Содержание же высказываний передается в исключительно решительных формулировках: Мы должны избавить вооруженные силы от этого потрясения! Предатель не имеет права жить! Если нет причин против этого, то предатель должен предстать перед небесным судьей ! [326] Ebenda.
— последнее звучит как совершенно недвусмысленный призыв к убийству — так оно, возможно, и происходило на самом деле!
Урбанский подчеркнул, что мнение Конрада стало руководством ко всему последующему, однако не отрицал, что оно основывалось на сообщениях двоих остальных — то есть Ронге и его самого. Сразу возникает несколько недоуменный вопрос: а чем это мог сам Урбанский дополнить доклад Ронге?
Но на этот вопрос мы-таки сможем позднее получить ответ!
Они трое, также пишет Урбанский, и были единственными, полностью понимавшими всю суть сложившейся ситуации. Их мнение оказалось единогласным, а принятое решение — единственно возможным. [327] Ebenda.
Отметим в силу изложенного чуть выше, что даже закавыченный кусок речи Конрада не мог являться приказом: формально он, судя по всему, не имел права самолично отдавать приказ об аресте какого-либо полковника — ведь Генштабу подчинялось проведение оперативно-стратегических мероприятий, а не решение всех военных вопросов вообще!
Следовательно, Конрад мог лишь посоветывать своим подчиненным Урбанскому и Ронге действовать так, а не иначе!
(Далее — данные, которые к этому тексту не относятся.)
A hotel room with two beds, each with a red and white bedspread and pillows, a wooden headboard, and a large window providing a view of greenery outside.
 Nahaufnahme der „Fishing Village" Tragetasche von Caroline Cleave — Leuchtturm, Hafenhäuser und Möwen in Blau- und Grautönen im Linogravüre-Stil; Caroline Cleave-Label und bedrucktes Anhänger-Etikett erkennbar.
Другие же участники операции — полиция и судебные органы — и вовсе, повторяем, пребывали вне круга подчинения начальнику Генштаба.
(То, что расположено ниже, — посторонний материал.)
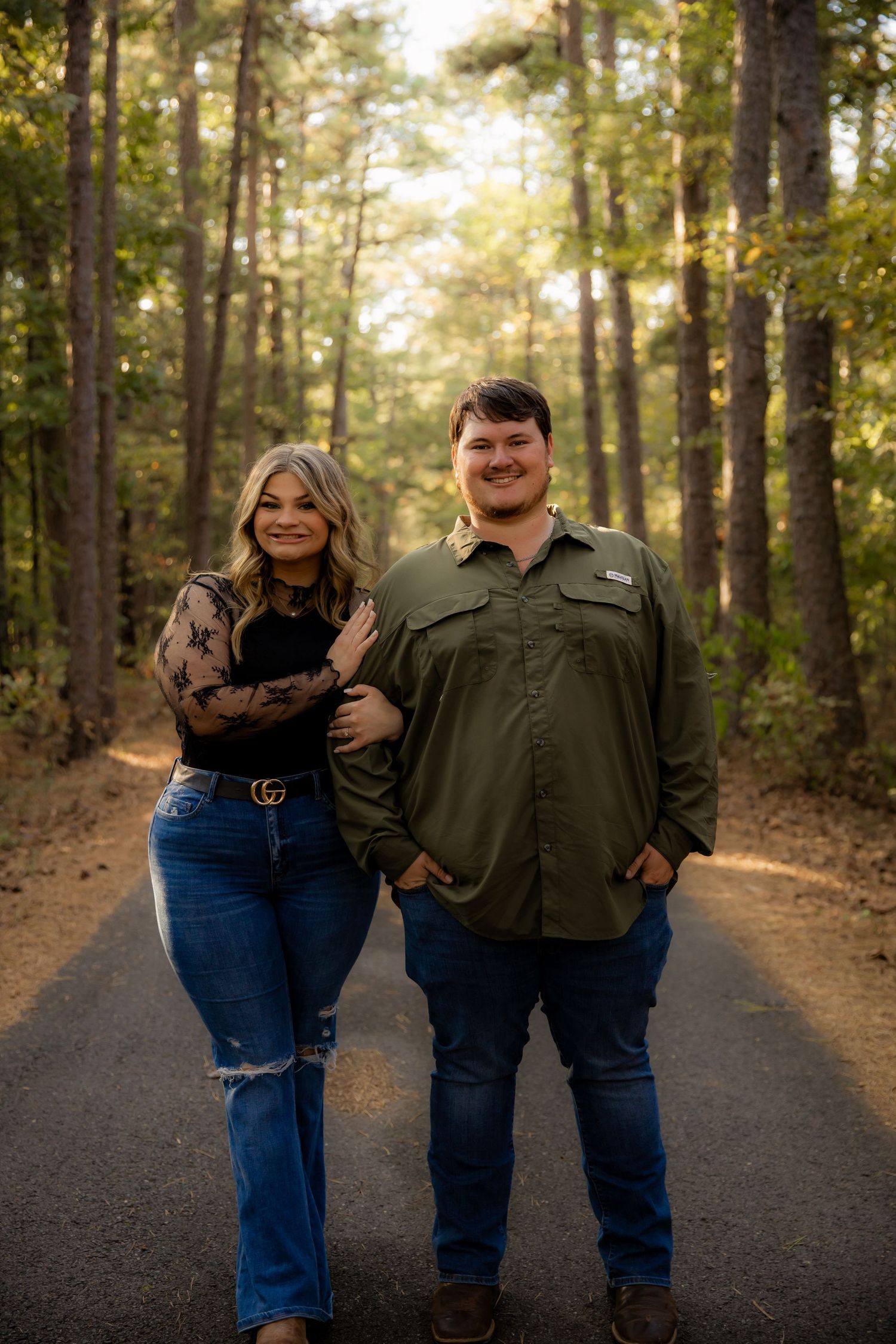 Holding boys arm and smiling at camera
Рассказ о Редле занимает ничтожное место в шеститомных мемуарах фельдмаршала Конрада, опубликованных в 1922 году.
Свидетельство самого Конрада построено по следующей схеме: он подчеркивает, что все случившееся явилось для него крайним потрясением; подтверждает состав участников совещания, называя Урбанского и Ронге не по именам, а по занимаемым ими должностям; отмечает, что существо дела доложил начальник контрразведывательной группы (т. е. Ронге). Этот последний сообщил, что долговременно проводившаяся операция по выявлению неизвестного шпиона принесла неожиданный результат — им оказался полковник Редль. [328] Conrad. Op. cit. S. 329.
Далее, согласно Конраду, события происходили как бы сами собой: Редль был арестован (в этом пункте Конрад прямо противоречит истине) в Вене, подвергнут исчерпывающему допросу, после чего ему была дана возможность покончить с собой, а затем начальник Эвиденцбюро (т. е. Урбанский) выехал вместе с комиссией (Конрад не уточнил, что это за комиссия и из кого состояла) для расследования в Прагу [329] Ebenda.
— и так далее; тут мы заехали в уже более поздние события, к которым, естественно, еще вернемся.
Ниже Конрад подчеркивал, что принятое решение о судьбе Редля встретило позднее понимание и сочувствие у самых авторитетных лиц, в частности — у Хельмута Мольтке-Младшего, начальника Германского Генерального штаба. [330] Ebenda. S. 368.
Много внимания уделил такому же сочувственному пониманию со стороны немцев и Урбанский. [331] Urbanski von Ostrymiecz A. Der Fall Redl. S. 96.
Но никакое и ничье сочувствие, высказываемое к тому же пост фактум , не может служить оправданием и обоснованием принятым решениям!
Да и не было принято никакого юридического решения, поскольку «тройка» не имела права ни арестовать Редля, ни, скорее всего, даже формально его допросить — тот мог потребовать (как это делали наиболее грамотные советские диссиденты!) объяснения: а на каком основании его допрашивают — как свидетеля чего-либо или как подозреваемого в чем-нибудь? И в чем конкретно?
И что тогда должны были бы отвечать ему те, кто собирались его допрашивать, не имея на то необходимых юридических санкций и даже формальных поводов?
Заметим, что и отсутствие фактического допроса при личной встрече Редля с его преследователями (тут мы, конечно, снова немного забегаем вперед) вполне соответствует такой коллизии: допроса не было потому, что его и формально нельзя было осуществить!
В свете всего этого окончательно проясняется, что и само совещание «тройки» не обладало никакими юридическими правами и полномочиями. Оно было в данном случае лишь собранием частных лиц, которые могли принимать какое угодно решение — хоть выслать Редля на Марс или еще подальше! — все равно никто не обязан был выполнять их директивы в сложившейся ситуации.
Вопреки этой-то формальной очевидности они-то фактически и решали, и решили вопрос о жизни и смерти полковника Редля!